Glory
Page 23
Taking care not to get too near the craft, the Voertrekker-Praesident took up a position on the flank of the now somewhat dishevelled Honor Guard. Benno shouted an order. The Wache troopers, to a man white-faced with suspicion of this monstrous visitation from out there, assumed the formal guard position. It was a posture out of the Manual of Arms, with their weapons (heavy-gauge shotguns) at high-port. It struck Ian Voerster as faintly absurd to assume a position intended for crowd control of restless kaffirs. The huge, hot spearpoints resting in Voertrekkerhoem’s field were unlikely to be impressed.
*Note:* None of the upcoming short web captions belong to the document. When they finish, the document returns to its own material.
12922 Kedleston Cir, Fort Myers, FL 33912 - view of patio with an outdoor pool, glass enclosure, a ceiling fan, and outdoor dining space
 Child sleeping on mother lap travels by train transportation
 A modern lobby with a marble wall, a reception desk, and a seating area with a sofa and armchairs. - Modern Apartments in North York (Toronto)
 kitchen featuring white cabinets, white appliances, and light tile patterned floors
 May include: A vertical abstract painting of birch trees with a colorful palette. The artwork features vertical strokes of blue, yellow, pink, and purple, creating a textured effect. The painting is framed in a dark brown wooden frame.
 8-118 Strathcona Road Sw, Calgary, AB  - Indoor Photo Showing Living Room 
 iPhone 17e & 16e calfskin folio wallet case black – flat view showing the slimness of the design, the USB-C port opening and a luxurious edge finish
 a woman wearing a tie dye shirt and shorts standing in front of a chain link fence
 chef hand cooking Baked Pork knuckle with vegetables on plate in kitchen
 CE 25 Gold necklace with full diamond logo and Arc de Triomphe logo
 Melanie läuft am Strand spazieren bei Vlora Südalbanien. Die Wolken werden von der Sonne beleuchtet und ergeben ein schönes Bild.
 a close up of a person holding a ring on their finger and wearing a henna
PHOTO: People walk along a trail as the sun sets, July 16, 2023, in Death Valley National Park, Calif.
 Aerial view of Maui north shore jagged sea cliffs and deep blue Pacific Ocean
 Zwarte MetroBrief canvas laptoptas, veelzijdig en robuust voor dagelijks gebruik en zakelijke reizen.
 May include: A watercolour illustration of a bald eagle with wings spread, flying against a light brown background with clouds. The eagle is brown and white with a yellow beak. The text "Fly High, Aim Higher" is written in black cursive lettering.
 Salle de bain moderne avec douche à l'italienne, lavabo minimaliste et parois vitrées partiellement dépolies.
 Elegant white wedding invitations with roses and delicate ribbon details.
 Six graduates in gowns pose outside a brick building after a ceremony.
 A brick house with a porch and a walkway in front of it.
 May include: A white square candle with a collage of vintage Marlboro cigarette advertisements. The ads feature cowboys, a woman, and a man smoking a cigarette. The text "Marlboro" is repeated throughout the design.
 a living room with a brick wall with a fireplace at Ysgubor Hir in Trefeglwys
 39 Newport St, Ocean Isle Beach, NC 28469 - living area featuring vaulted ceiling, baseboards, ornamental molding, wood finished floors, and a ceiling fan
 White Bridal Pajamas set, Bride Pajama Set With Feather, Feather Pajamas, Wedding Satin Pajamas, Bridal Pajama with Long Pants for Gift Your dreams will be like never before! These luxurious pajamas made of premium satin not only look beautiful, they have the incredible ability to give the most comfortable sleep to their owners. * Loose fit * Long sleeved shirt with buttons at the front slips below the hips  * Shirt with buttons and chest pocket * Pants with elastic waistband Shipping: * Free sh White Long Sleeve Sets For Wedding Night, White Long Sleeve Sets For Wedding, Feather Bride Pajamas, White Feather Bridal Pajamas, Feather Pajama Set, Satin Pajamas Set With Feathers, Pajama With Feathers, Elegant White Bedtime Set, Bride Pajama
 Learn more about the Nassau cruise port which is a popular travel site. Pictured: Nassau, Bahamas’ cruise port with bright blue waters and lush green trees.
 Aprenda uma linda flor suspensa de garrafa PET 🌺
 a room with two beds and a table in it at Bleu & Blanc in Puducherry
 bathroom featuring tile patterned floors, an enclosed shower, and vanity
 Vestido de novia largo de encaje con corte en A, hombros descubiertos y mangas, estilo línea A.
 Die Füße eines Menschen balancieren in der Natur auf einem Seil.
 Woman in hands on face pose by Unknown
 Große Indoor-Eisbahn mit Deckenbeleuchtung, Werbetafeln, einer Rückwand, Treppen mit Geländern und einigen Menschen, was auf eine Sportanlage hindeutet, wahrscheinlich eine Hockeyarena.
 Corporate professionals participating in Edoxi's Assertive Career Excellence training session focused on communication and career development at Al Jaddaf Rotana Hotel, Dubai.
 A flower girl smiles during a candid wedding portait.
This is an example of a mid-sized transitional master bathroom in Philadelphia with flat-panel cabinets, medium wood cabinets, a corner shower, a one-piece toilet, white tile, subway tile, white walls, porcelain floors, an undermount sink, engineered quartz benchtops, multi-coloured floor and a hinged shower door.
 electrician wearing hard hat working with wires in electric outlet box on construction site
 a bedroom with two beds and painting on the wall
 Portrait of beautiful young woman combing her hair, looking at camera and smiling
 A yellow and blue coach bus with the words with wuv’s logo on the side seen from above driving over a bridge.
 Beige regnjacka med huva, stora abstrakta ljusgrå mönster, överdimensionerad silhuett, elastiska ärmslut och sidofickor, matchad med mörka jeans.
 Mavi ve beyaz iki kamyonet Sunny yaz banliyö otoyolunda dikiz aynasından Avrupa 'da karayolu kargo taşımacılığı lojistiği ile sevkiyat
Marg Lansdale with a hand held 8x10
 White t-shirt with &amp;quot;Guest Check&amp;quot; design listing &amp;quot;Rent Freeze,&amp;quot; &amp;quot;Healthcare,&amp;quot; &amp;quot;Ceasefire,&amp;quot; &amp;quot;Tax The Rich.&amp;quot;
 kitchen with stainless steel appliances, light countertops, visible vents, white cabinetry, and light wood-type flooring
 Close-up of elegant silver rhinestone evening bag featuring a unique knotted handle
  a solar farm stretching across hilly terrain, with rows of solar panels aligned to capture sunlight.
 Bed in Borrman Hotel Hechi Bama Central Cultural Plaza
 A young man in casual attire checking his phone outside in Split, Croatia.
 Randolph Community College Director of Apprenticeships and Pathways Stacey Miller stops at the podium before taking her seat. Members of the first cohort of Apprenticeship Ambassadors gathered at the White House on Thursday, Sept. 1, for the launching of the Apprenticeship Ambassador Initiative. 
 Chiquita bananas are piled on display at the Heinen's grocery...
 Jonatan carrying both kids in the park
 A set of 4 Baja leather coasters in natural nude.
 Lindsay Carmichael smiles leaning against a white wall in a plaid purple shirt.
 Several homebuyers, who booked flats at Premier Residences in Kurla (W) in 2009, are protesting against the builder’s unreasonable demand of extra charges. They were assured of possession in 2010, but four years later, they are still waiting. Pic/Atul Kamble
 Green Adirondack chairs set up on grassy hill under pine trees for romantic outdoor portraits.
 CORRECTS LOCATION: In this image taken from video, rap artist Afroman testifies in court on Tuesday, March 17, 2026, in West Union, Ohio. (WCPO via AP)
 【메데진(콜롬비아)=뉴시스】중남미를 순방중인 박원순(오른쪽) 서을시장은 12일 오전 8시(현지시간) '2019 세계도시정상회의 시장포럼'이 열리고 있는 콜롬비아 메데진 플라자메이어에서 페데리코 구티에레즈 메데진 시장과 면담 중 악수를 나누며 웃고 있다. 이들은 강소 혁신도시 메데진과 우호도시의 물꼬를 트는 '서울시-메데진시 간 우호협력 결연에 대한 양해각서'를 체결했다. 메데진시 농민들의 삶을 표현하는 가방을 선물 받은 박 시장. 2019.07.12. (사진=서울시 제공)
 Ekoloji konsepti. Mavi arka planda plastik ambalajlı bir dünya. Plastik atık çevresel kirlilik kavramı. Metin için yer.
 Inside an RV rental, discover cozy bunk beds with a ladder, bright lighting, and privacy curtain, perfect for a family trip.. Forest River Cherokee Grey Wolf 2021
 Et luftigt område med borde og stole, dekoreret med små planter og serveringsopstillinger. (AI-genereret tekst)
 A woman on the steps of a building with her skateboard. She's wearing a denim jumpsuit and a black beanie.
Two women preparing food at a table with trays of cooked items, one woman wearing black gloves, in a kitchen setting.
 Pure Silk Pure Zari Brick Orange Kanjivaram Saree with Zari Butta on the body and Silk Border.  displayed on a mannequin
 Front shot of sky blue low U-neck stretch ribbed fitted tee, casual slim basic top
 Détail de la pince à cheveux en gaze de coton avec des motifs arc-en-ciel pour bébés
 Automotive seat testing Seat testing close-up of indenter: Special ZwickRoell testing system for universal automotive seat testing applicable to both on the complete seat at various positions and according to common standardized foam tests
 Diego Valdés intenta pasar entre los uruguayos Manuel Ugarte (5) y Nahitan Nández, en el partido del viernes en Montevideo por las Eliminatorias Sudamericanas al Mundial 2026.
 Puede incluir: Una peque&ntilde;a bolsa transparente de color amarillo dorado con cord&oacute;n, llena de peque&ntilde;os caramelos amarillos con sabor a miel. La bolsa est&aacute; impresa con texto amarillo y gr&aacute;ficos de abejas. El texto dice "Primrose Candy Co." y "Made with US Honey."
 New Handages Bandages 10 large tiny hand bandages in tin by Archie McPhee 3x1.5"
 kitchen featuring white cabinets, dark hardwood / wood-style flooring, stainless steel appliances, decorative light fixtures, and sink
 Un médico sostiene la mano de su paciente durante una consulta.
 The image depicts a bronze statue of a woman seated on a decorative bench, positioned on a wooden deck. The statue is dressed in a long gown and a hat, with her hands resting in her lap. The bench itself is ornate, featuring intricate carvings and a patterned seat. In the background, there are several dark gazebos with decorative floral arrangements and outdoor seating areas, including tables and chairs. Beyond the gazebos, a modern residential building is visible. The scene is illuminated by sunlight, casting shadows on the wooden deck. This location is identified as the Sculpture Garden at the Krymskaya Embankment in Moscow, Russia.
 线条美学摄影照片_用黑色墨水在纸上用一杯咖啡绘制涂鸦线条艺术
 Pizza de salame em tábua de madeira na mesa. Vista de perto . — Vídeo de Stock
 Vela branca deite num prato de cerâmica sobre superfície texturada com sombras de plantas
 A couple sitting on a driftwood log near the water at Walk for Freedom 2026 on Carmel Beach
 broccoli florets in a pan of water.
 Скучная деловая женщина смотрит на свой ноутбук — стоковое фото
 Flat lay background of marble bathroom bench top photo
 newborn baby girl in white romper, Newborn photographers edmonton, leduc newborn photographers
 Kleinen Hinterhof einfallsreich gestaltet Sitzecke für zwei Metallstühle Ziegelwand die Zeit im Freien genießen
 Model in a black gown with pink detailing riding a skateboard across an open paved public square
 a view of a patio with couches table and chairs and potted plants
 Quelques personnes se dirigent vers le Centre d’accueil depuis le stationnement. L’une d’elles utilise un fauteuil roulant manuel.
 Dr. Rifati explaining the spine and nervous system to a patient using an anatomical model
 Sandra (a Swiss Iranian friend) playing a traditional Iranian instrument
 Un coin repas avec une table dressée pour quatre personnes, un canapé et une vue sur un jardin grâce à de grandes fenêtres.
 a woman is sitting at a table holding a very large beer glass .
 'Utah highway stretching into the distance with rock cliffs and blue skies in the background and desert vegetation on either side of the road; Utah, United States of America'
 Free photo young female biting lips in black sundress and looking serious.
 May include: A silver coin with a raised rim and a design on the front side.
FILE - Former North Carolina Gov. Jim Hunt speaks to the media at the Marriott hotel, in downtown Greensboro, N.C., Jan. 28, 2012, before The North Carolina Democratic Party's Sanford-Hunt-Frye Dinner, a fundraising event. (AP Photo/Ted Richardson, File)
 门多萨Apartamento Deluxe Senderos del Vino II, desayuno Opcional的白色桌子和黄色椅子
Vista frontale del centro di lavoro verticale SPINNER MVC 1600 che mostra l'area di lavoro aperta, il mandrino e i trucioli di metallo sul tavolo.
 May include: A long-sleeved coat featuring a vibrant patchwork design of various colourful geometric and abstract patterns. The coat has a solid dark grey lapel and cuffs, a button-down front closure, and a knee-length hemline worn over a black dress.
For a long moment there was no sound but the creak of hot metal. Then a segment of the spearpoint’s ventral surface began to retract. Previously invisible creases appeared, widened. The entire segment sank into the craft, leaving a black hole.
Ian Voerster’s breath came hard. His throat was too dry to swallow his frothy saliva. Have they come to kill us? he wondered. Are they truly men, or have they changed into something horrible, something more at home in the void of space than on firm ground?
After all, what did one really know? Black Clavius was a human being despite the grotesque receptacle in his wool, but that was no assurance that all Starmen were human.
Something appeared in the opening of the shuttle. A man. Thank God, Ian Voerster thought. Ian Voerster sucked in a deep breath of cold, wet air.
But for his obscenely revealing clothing--a single garment that clung like a second skin and displayed the genitalia in disgusting bas-relief--the man from the stars could have been a Voertrekker. He stood on the tortured soil, looking about with evidence of a huge curiosity.
The Starman spoke. The language was Afrikaans of a sort. Understandable, but absurdly accented and archaic.
“I am Jean Marq, mathematician and syndic of the Goldenwing, Gloria Coelis” he said.
A murmur ran through the ranks of the Honor Guard. The Starman looked at the troops and frowned. “The shuttles contain the cargo ordered by Alfried Voerster. I need men to help with the unloading.”
The Voertrekker-Praesident stepped forward and spoke in his most formal manner. “I am Ian Voerster, heir of Alfried Voerster and Head of State, Mynheer Marq. Say what you need and you shall have it.”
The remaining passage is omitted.